Sources close to Blair said he would step down officially next month.
Israel's Prime Minister Benjamin Netanyahu thanked him for "great efforts to advance stability and peace in the region".
A statement from the Quartet, which represents the United Nations, United States, European Union and Russia, thanked Blair for his service and said it would continue to work for peace between Israelis and Palestinians.
"Mr Blair demonstrated an unwavering commitment to the cause of Israeli-Palestinian peace and made lasting contributions to the effort to promote economic growth and improve daily life in the West Bank and Gaza," the statement read.
However, British group Stop the War Coalition, which led mass protests against the Iraq War while Blair was in power in Britain, welcomed the resignation and said Blair should never have held the position.
"Tony Blair's legacy remains; a devastated and war-torn Iraq, a Middle East in turmoil, and a much more dangerous world," the group's national convenor Lindsey German said.
"We will continue to campaign against the aggressive foreign policy he championed and for him to answer charges of war crimes."
Blair has long defended the decision to invade Iraq in 2003 against accusations that the threat posed by its then dictator Saddam Hussein was exaggerated.
Blair was appointed to the unpaid Quartet position in 2007 to support the Palestinian economy and institutions in preparation for eventual statehood.
Writing on his website in February after visiting the Gaza Strip still ravaged by the 50-day war last year with Israel, Blair said: "The present state of Gaza is a rebuke: to those of us in the international community who over the years have made so many promises unfulfilled; to those who have offered leadership and failed to provide it."

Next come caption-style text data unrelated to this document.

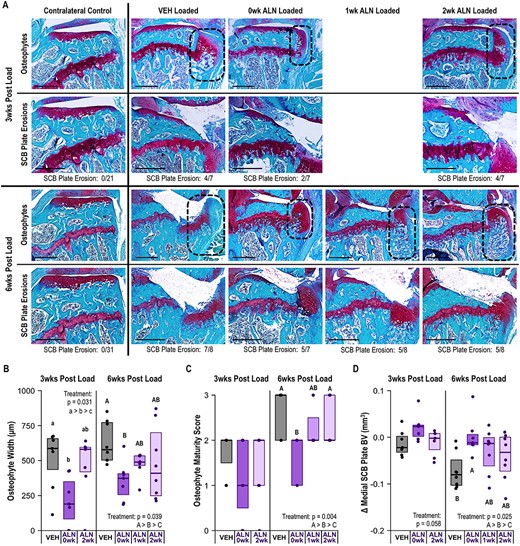 ALN treatment beginning immediately after loading slowed load‐induced osteophyte formation and attenuated medial subchondral plate erosions. (A) Representative histology images of osteophyte formation (delineated by dotted line) and medial subchondral plate erosions at 3 weeks and 6 weeks following a single bout of loading. The proportion of limbs in each group with subchondral plate erosions are listed below the images. Scale bar = 500 μm. (B) ALN treatment beginning immediately after loading decreased the osteophyte width in loaded limbs at both 3 weeks (p = 0.031) and 6 weeks (p = 0.039). (C) ALN treatment beginning immediately after loading slowed osteophyte maturity and reduced osteophyte calcification at 6 weeks (p = 0.004). (D) Immediate ALN treatment prevented loss of bone volume in the medial subchondral plate at 6 weeks following loading (p = 0.025). Statistical test: linear mixed effects model. Box plot indicates median and interquartile range. Individual datum points (n = 7–8/group) are overlaid. Δ indicates difference between loaded and control limb measures within a single animal. Abbreviations: ALN, alendronate; VEH, vehicle.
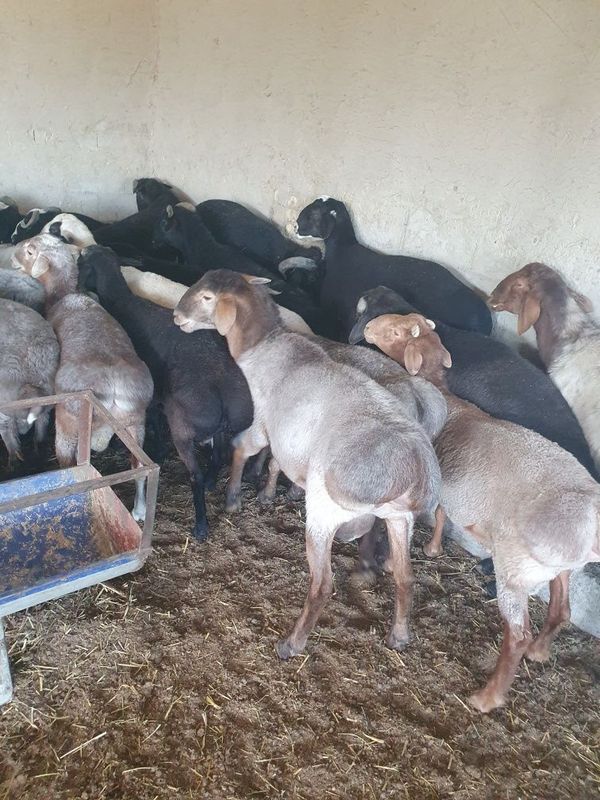65 ta QO'CHQOR SOTILADI semiz xammasi 65 ta QO'CHQOR SOTILADI semiz xammasi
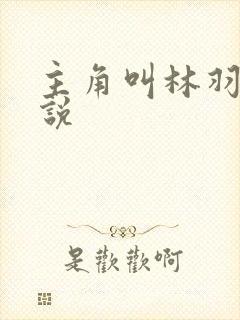 主角叫林羽的小说封面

Reports emerged in March that he was set to leave due to unease in Washington and Europe over his poor relations with the Palestinian Authority, although those claims were dismissed as "incorrect" by State Department spokeswoman Jen Psaki.
A source close to the former prime minister said he would continue to work with "the US, the EU and others, without any formal role" to support efforts to bring about a two-state solution.
"He will therefore remain active on the issues and in the region," the source said.